Some members finished paintings from a while ago and others started working on this month’s subjects of the Thames Estuary (boats, flora, fauna etc), Brian May and the goddess Juno.

Most pictures started on the night are WIPs, i.e. works in progress, which will continue to be worked on at home or at our next session on 19th June (please note the change from the fourth Saturday to the third Saturday of June as the hall is being used for something else). All photos were taken at arm’s length with a selfie stick so Tracy didn’t get too near the other artists. Enjoy looking through the photos and hopefully they will inspire you to start your own picture.

June 2021

Our two sessions this month are due to go ahead, both under the ‘rule of six’ again, i.e. tables of 6, no mixing between groups, cleaning the tables and chairs and no access to the kitchen.

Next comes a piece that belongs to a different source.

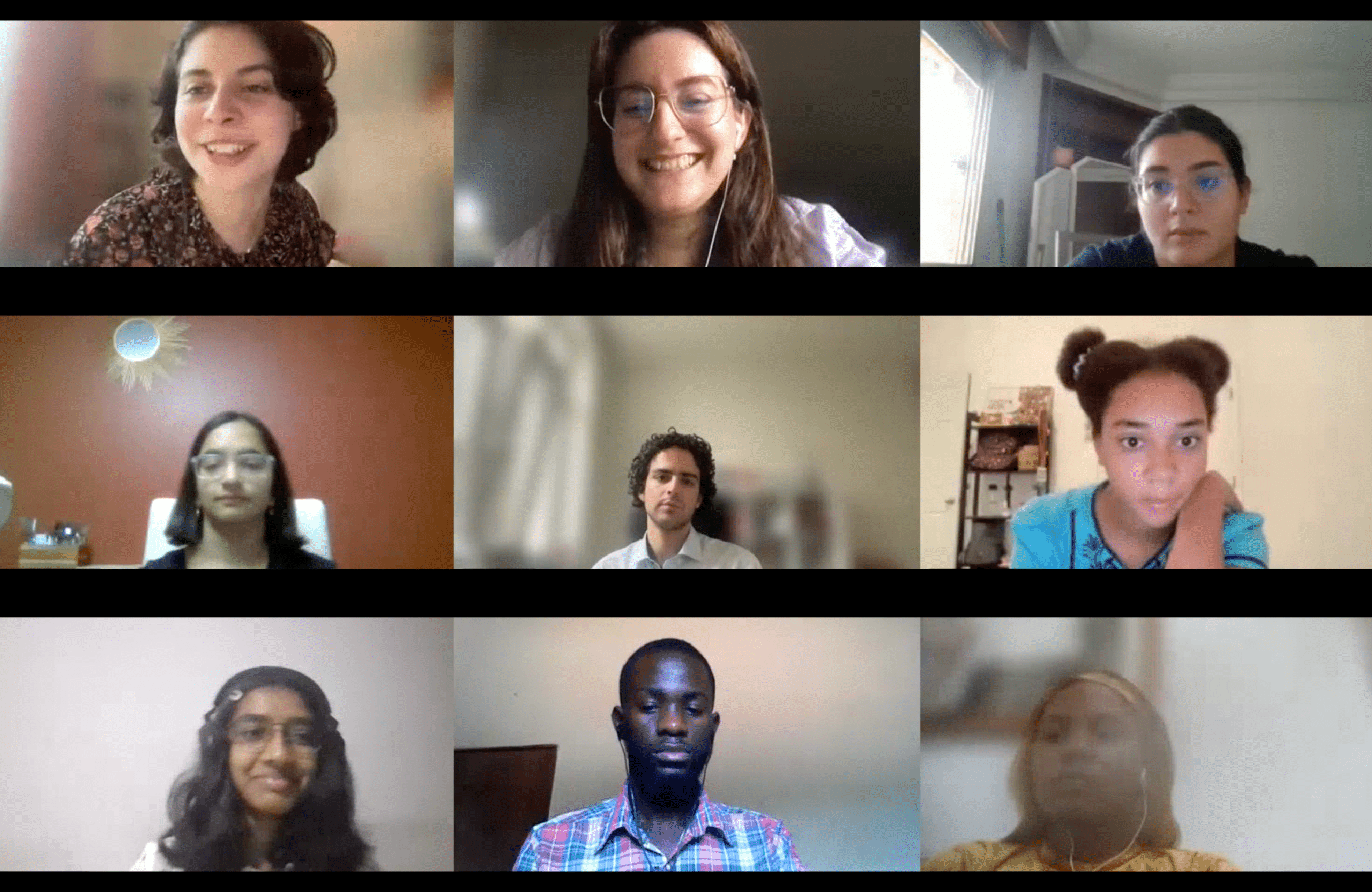 A screen of 9 people on a video call, formatted in a 3 by 3 grid. The women on the top left, top middle, and the man in the middle are 5Rights employee, and all other attendees are youth ambassadors - who are visibly from across the world.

Hopefully you will have read recent emails from Steve saying that a small £2 fee will be due on a Wednesday evening and that the hall has already been booked by the vicar on our usual 4th Saturday session so we are meeting on the 3rd Saturday instead, 19th June.

Dates of meetings in June are therefore…

Wednesday 9th – 7-9pm – £2

Saturday 19th – 10am-3pm – £6

Here are some ideas for you to draw and paint at either or both sessions…


  • Brian May – the guitarist of Queen with his mop of curly hair is this month’s challenge. Paint him from his younger days or as he is now. Add other members of Queen too if you’d rather paint a group of figures.


  • Named for the Roman goddess Juno, goddess of marriage, daughter of Saturn and wife of the supreme deity Jupiter. In Greek mythology she was known as Hera, queen of all the gods.

There are many images of her online as statues and paintings have survived to modern times and are displayed in museums.


To tie in with this month’s Estuary Festival held in Gravesend and along the Thames, let’s draw or paint anything to do with the river and its environs.

  • the Dartford Bridge was opened 30 years ago. Love it for its elegant lines or loathe it for the traffic jams on it, paint its shape from a distance or close up.
  • ships and boats that currently used the Thames.
  • boats that now rust and decay along the riverbanks.
  • plants – colt’s-foot, marsh marigold, dog’s mercury, cuckoo flower, gorse, sea aster, yellow-horned poppy.
  • animals– harbour and grey seals, short-snouted seahorses, oysters, dolphins.
  • fish – did you know the Thames is home to 125 types of fish? Including Dover sole, salmon, flounder, corkwing wrasse, five-bearded rockling, goby, sea scorpions, sea bass, twaite shad, smelt.
  • birds – lapwing, avocet, black-tailed godwits, geese, knot, oystercatcher, shoveler, dunlin, redshank.
  • Deadman’s Island– actually in the Medway estuary not the Thames estuary, this island has been on the BBC news as coffin-buried bodies from prison hulks are now exposed due to rising water levels.

You may of course paint anything you want to. The subject ideas are there to help you if you need inspiration.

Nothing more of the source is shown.